While the leader of Norway’s Nobel Institute, Geir Lundestad, flatly refused to comment on how the Nobel Committee should be made up, saying that was entirely up to the parliament to decide, Jagland seemed to have no reservations at all. “I see it as completely surreal that a debate has come up over the independence of the Nobel Committee when I think about the enormous pressure we were under in advance of last year’s award,” Jagland told DN, referring to the committee’s decision to award the prize to Chinese dissident Liu Xiaobo, which infuriated the Chinese government. The Chinese authorities refused to distinguish between the committee’s decision and Norwegian foreign policy, and have all but frozen diplomatic relations with Norway ever since.
Curious debate
The debate of the independence and composition of the Nobel Committee is especially curious since it’s starting within the Labour Party, which itself appointed Jagland to the committee just a few years ago. Current Prime Minister Jens Stoltenberg had won a lengthy power struggle within the party and took over as leader after Jagland. It was widely viewed that Jagland was “retired” from active party politics by getting him named as the party’s choice to the Nobel Committee and also campaigning to get him chosen as head of the Council of Europe, which was successful.
The first two Nobel Peace Prizes awarded under Jagland’s leadership, to Obama and Liu, have been highly controversial, with the latter costing the Norwegian government dearly because of the subsequently icy relations with China.
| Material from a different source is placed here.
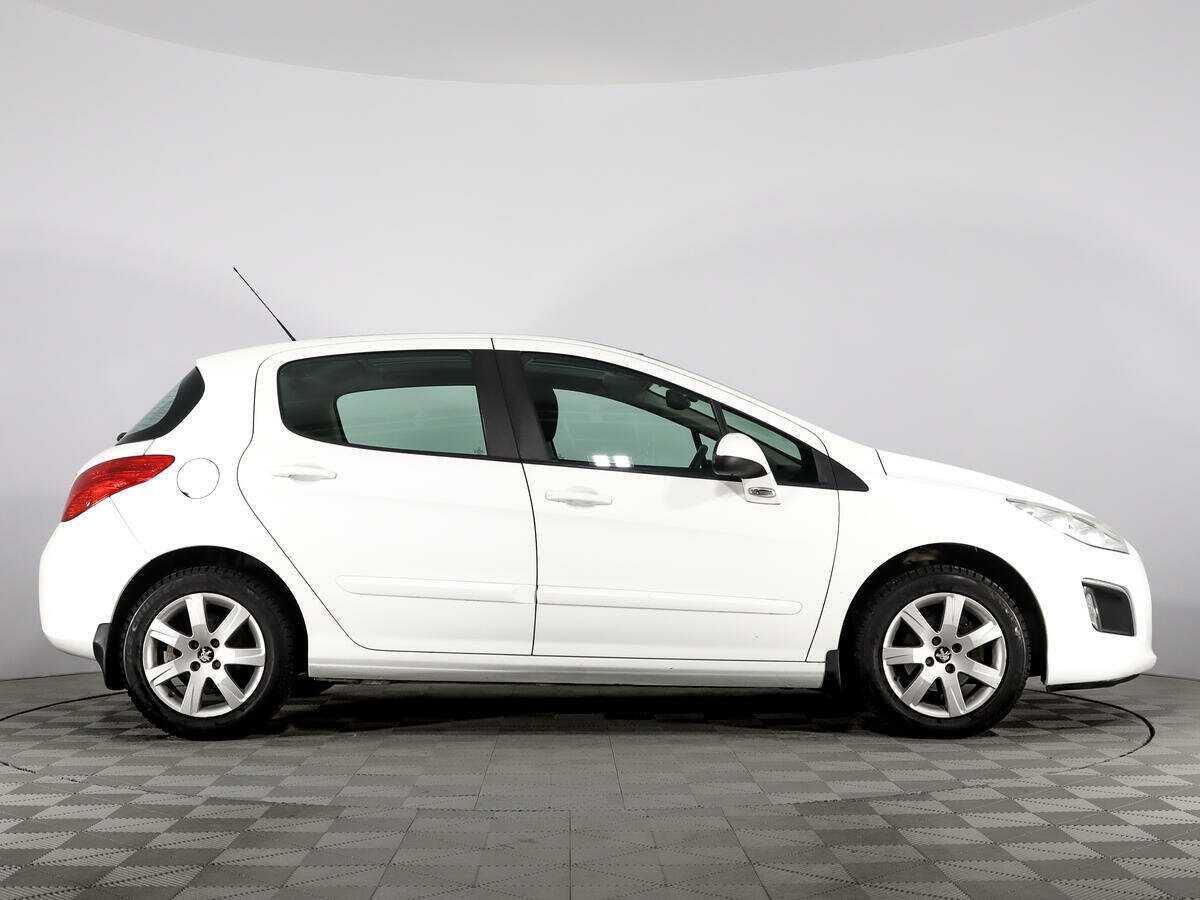 Купить Peugeot 308, 2012, 20 715 км, фото №4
Johansen and the Labour-led government have appeared eager to bury the hatchet with China and some opposition politicians in Norway wonder whether Johansen’s initiative, which he claims he hasn’t taken on behalf of Labour or the Labour-led government, is actually part of another attempt to appease the Chinese just a week before the next Nobel Peace Prize is to be awarded.
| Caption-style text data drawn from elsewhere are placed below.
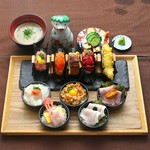 手巻き寿司5種
1とろたく手巻き
2サーモンいくら手巻き
3うな玉手巻き
4まぐろ三昧手巻き
5海老天むす手巻き
おちょこ丼5種
6白身魚とネギ明太丼
7あまえびとかに丼
8鶏そぼろの親子丼
9ローストポーク丼
10うにく丼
“I would warn against jumping to conclusions (over the make-up of the Nobel committee) that would give the impression that the Chinese criticism of the Peace Prize is being addressed,” Dagfinn Høybråten of the Christian Democrats told DN. “The criticism from China is groundless, and they know that themselves.”
Labour ‘shot itself in the foot’
Progress Party leader Siv Jensen told DN that Labour “has shot itself in the foot” by raising questions about the committee’s make-up when it chose Jagland. “The party itself chose to place a high political profile on the committee,” Jensen pointed out, adding that her party was critical of Jagland’s appointment to the committee. “If the party now thinks this is a problem, then they have to do something about it.”
Jensen’s party soon must name a new member to the committee itself, since the term of its representative is about to expire. Jensen will thus have an opportunity to make a clean break with party ties if so desired.
Johansen, meanwhile, has won support for his concerns from at least two other Labour colleagues, the president of the parliament Dag Terje Andersen and the deputy leader of the parliament’s foreign affairs committee, Svein Roald Hansen. Andersen has already said the parliament will discuss the committee’s composition this fall, while Hansen said Jagland’s own background “strengthens misundertandings out in the world.” Hansen, in complete defiance of Jagland’s position, told DN that leaders in foreign countries “naturally enough have difficulty in believing that the committee is independent when the leader has been the president of the parliament, foreign minister and prime minister.”